Thursday, June 19, 2014

Reporter Reports Boone County Commissioners Postpone CCD Tax Increase Vote

From the Lebanon Reporter:

A decision to approve an increase of “pennies” in Boone County’s cumulative capital development fund was tabled by the Boone County Commissioners Monday, and will now be heard at a special meeting beginning at 9 a.m. June 24.

Commissioner Marc Applegate suggested the delay, so the commissioners could review information provided by Aaron Smith, Lebanon, who said he projected the county would have more than $9.4 million in cash and investments, in six separate funds, as of June 30.

One of those accounts, the CCD investment fund, contained more than $611,000, Smith said, an ample amount for the county to pay for renovations at the former Elks Lodge, 220 W. Washington St., Lebanon for a new county office annex.

If the commissioners approve the CCD increase, Smith said, he’ll launch a petition drive asking that it be rejected by the Indiana Department of Local Government Finance.

Councilwoman Marcia Wilhoite said the county will face an operating deficit of nearly $700,000, and needs to raise money to maintain its buildings. The present CCD rate generates just over $431,000 a year, she said.
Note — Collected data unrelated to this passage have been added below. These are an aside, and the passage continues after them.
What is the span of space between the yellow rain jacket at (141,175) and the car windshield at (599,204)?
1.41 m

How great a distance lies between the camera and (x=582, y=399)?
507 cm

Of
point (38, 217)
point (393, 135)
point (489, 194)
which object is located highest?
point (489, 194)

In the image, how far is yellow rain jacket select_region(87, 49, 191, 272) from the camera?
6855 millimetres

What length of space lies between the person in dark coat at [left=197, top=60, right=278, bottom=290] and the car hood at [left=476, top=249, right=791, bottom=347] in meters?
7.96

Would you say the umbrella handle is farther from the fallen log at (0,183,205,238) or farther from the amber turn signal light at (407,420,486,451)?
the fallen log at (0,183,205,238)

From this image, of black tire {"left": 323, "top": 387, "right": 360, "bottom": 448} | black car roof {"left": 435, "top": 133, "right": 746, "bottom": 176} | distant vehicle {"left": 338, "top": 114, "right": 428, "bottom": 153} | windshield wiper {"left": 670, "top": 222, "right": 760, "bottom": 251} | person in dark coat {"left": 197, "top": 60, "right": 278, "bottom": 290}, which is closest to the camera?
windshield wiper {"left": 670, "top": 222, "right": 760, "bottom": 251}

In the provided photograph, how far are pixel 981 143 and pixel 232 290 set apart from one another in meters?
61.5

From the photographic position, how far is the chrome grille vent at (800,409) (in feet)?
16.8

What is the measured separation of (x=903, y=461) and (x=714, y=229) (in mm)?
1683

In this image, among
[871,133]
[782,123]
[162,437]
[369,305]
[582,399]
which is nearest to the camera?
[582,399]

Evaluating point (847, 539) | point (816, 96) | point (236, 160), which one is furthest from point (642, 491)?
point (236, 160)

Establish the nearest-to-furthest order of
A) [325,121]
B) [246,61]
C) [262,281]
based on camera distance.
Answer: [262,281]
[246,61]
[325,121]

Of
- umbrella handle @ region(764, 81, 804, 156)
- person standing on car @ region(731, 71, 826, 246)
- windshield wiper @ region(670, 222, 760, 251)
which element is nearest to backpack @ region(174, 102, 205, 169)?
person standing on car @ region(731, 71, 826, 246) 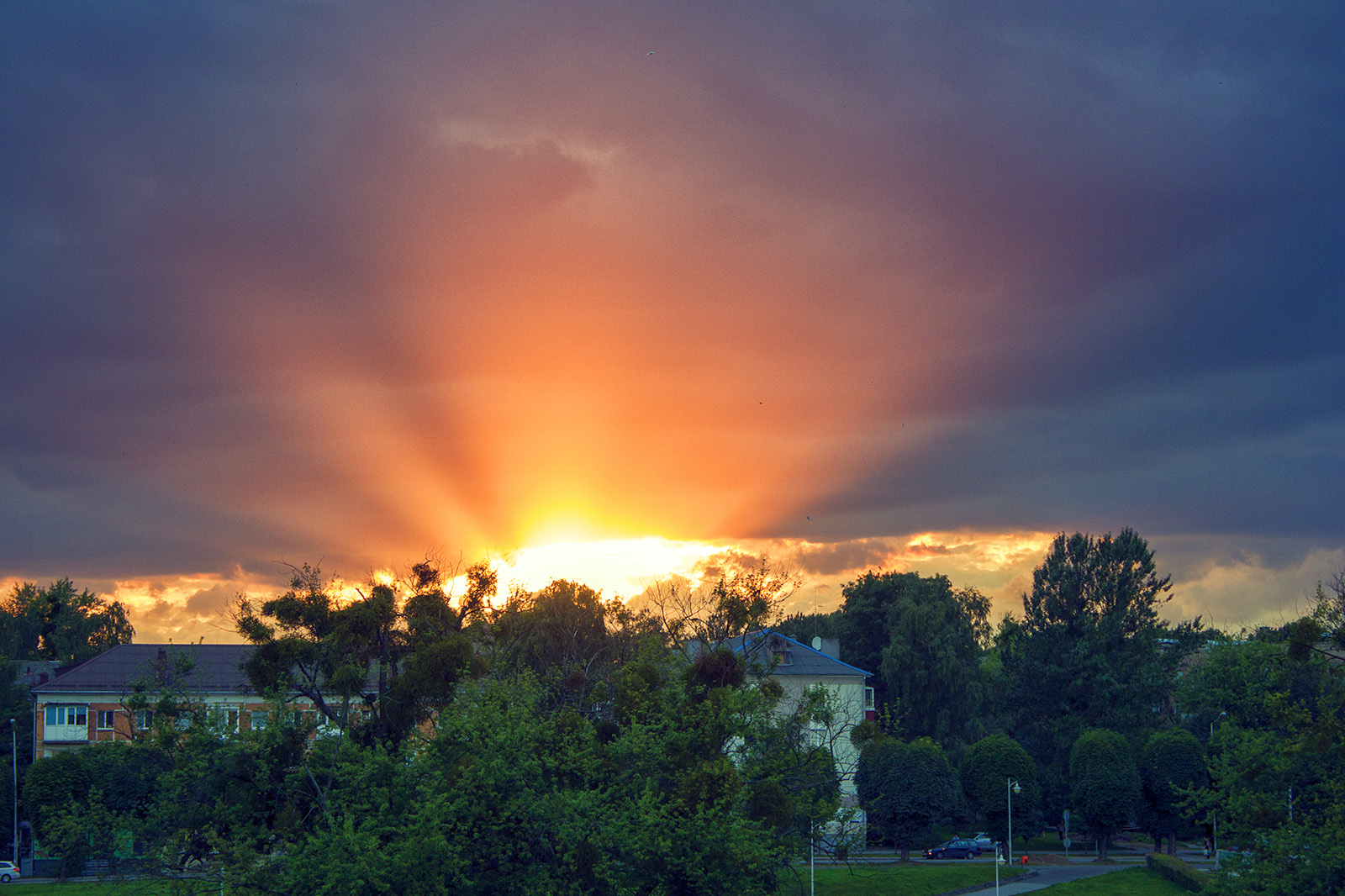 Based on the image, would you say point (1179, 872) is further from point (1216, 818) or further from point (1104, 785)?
point (1216, 818)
“We’re either going to have to borrow some money, or take money out of some other fund,” Wilhoite said. “We have an aging jail that needs some updating. We have a telephone system in the works in the next three or four years, as well as the normal expenses on all the other buildings.”

Boone’s roads are deteriorating and need to be maintained, she said. While historically, the county council has funded the road program from the economic development fund, “that will be exhausted in 2016,” she said.

A lease payment for heating and air conditioning equipment eats up nearly half of what the CCD now generates, Wilhoite said.

Cash balances should not be considered as the total money available for operating local government, County Councilman Gene Thompson said. It would, he said, be the equivalent of looking at a checking account the day a paycheck is deposited — and ignoring the need to pay bills from that account.

The proposed increase is not only modest, it’s necessary, Thompson said.

Only 10 percent of property tax revenues collected in Boone County go for county government, Thompson said. “The rest of it is going to cities, towns and libraries,” he said. “When there’s a discussion about property taxes increasing, it’s important the county government segregates itself.”
The CCD tax rate is only 6 percent of the county’s total tax rate, Thompson said.

The rate has fallen from 2.93 cents per $100 of assessed valuation to 1.25 cents this year, Thompson said.

“You’re talking about raising the rate to three and a third pennies,” he said.

Raising the CCD levy to the state-allowed 3.33 cents per $100 assessed valuation is a 166 percent increase, but, because “it’s applied to a very small number,” Thompson said, it is not an “outrageous” increase.